= Activity =
Give back all of the data exactly, with every picture omitted.

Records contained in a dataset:
-*-
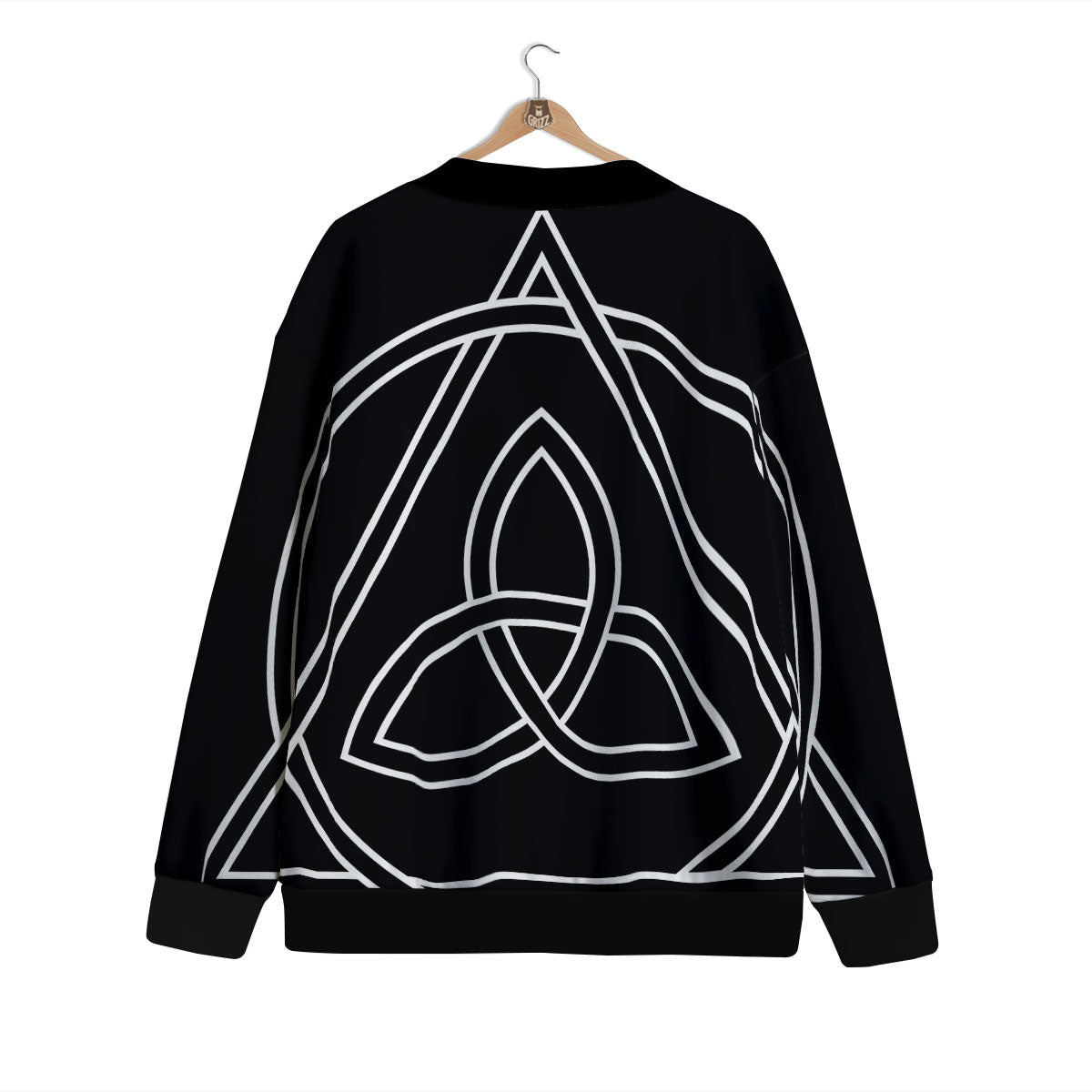 Celtic Knot White And Black Print Cardigan-grizzshop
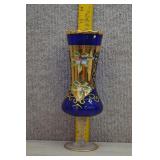 Vtg Bohemian Cobalt Blue Gold Footed Vase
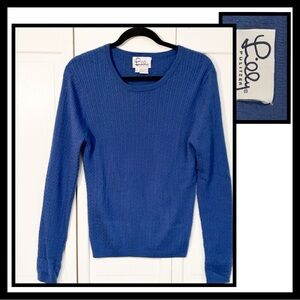 Lilly Pulitzer Cable Knit Cobalt Blue Sweater Size L 100% Cashmere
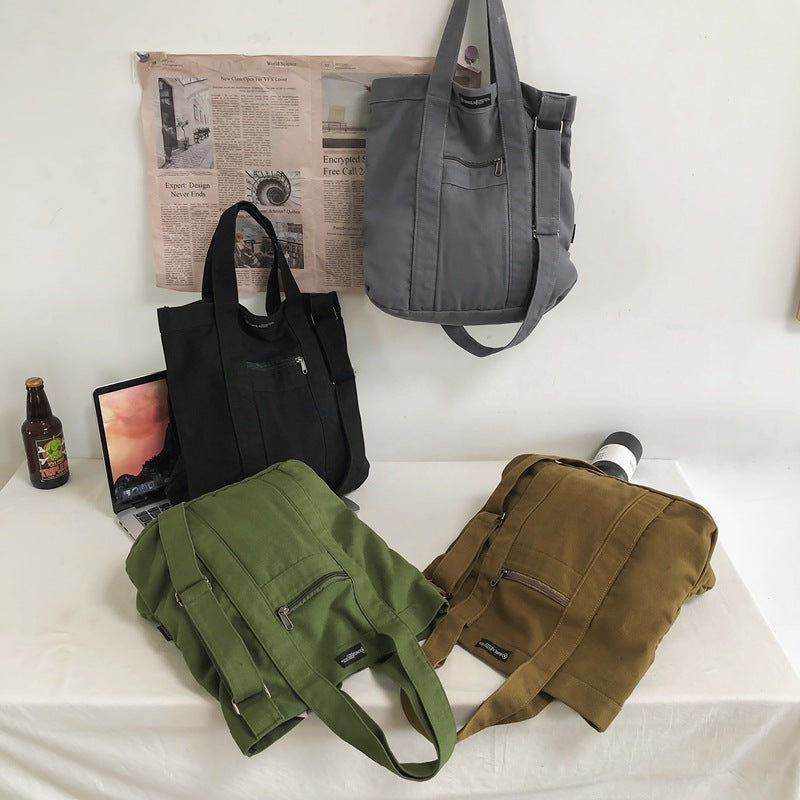 Women's & Men's Vintage Canvas Simple Class Korean Handbags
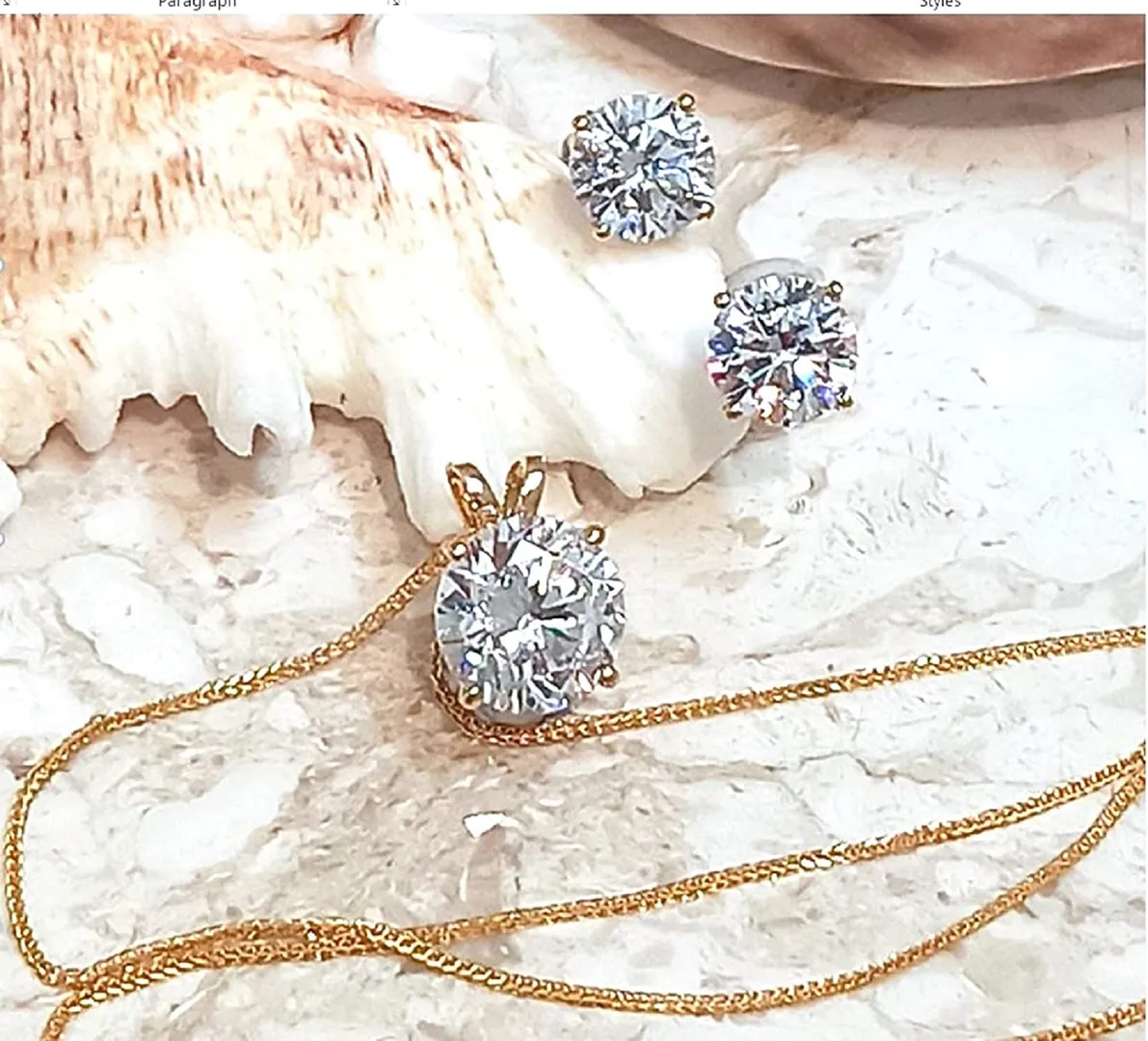3.5ct Luxury Valentine's Day Gifts - Diamond Jewelry Set - 18k Solid Gold - Diamond Solitaire Pendant Necklace - Diamond Solitaire Earrings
-*-
= Solution =
 Celtic Knot White And Black Print Cardigan-grizzshop
 Vtg Bohemian Cobalt Blue Gold Footed Vase
 Lilly Pulitzer Cable Knit Cobalt Blue Sweater Size L 100% Cashmere
 Women's & Men's Vintage Canvas Simple Class Korean Handbags
3.5ct Luxury Valentine's Day Gifts - Diamond Jewelry Set - 18k Solid Gold - Diamond Solitaire Pendant Necklace - Diamond Solitaire Earrings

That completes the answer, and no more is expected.